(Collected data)
+-------+
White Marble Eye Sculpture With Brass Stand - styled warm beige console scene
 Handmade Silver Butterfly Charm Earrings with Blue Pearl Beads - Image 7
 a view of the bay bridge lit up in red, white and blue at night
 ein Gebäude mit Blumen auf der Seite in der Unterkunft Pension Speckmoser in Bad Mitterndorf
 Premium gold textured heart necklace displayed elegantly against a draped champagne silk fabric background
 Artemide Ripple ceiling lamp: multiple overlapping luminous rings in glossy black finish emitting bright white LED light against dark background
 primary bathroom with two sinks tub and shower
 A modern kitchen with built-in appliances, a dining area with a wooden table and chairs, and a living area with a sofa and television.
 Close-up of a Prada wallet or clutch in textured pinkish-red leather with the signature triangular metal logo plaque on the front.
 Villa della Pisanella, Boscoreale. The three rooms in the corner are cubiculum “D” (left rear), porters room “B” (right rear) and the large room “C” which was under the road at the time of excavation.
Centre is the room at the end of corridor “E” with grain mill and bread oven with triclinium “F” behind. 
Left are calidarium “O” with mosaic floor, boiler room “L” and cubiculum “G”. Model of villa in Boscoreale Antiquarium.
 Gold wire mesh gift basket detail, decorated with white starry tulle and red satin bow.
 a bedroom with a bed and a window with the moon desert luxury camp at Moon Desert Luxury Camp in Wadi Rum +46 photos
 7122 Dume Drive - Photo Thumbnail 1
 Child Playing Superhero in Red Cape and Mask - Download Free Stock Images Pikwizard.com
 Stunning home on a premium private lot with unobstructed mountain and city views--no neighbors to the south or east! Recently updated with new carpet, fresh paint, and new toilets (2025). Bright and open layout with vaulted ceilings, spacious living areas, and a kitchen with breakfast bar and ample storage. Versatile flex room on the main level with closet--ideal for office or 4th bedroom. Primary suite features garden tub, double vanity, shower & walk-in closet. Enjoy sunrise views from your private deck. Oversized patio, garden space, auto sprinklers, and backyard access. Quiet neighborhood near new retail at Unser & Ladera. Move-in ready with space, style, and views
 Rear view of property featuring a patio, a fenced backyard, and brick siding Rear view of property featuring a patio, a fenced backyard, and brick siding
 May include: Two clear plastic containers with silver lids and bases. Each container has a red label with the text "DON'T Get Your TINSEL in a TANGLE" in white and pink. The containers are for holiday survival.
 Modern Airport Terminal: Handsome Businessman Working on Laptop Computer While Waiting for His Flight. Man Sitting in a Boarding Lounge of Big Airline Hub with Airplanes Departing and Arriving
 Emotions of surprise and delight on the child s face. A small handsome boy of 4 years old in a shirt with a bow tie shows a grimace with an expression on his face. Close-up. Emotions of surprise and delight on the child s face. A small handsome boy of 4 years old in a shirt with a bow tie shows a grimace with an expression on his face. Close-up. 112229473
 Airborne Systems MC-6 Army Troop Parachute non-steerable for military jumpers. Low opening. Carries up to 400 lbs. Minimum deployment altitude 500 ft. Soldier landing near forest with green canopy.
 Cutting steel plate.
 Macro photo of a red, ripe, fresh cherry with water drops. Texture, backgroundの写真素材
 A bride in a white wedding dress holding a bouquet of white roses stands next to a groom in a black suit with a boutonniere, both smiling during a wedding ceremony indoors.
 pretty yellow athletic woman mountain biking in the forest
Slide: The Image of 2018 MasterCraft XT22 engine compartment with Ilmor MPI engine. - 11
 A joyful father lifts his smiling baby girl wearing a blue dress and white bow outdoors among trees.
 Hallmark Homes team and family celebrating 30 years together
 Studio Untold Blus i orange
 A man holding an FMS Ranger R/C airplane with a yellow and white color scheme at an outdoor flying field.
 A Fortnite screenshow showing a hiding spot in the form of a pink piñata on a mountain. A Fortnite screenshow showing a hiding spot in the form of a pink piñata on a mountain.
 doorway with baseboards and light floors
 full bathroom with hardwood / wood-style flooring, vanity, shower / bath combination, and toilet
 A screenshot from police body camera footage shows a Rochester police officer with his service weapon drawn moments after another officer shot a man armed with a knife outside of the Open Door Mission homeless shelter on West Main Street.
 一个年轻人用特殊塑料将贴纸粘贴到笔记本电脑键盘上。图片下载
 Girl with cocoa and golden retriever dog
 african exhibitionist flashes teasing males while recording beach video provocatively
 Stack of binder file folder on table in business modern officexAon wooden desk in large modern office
+-------+
:: THE PROBLEM ::
Reproduce the lines of the records exactly, from the first one through the line that contains "Gold wire mesh".

:: TASK RESPONSE ::
White Marble Eye Sculpture With Brass Stand - styled warm beige console scene
 Handmade Silver Butterfly Charm Earrings with Blue Pearl Beads - Image 7
 a view of the bay bridge lit up in red, white and blue at night
 ein Gebäude mit Blumen auf der Seite in der Unterkunft Pension Speckmoser in Bad Mitterndorf
 Premium gold textured heart necklace displayed elegantly against a draped champagne silk fabric background
 Artemide Ripple ceiling lamp: multiple overlapping luminous rings in glossy black finish emitting bright white LED light against dark background
 primary bathroom with two sinks tub and shower
 A modern kitchen with built-in appliances, a dining area with a wooden table and chairs, and a living area with a sofa and television.
 Close-up of a Prada wallet or clutch in textured pinkish-red leather with the signature triangular metal logo plaque on the front.
 Villa della Pisanella, Boscoreale. The three rooms in the corner are cubiculum “D” (left rear), porters room “B” (right rear) and the large room “C” which was under the road at the time of excavation.
Centre is the room at the end of corridor “E” with grain mill and bread oven with triclinium “F” behind. 
Left are calidarium “O” with mosaic floor, boiler room “L” and cubiculum “G”. Model of villa in Boscoreale Antiquarium.
 Gold wire mesh gift basket detail, decorated with white starry tulle and red satin bow.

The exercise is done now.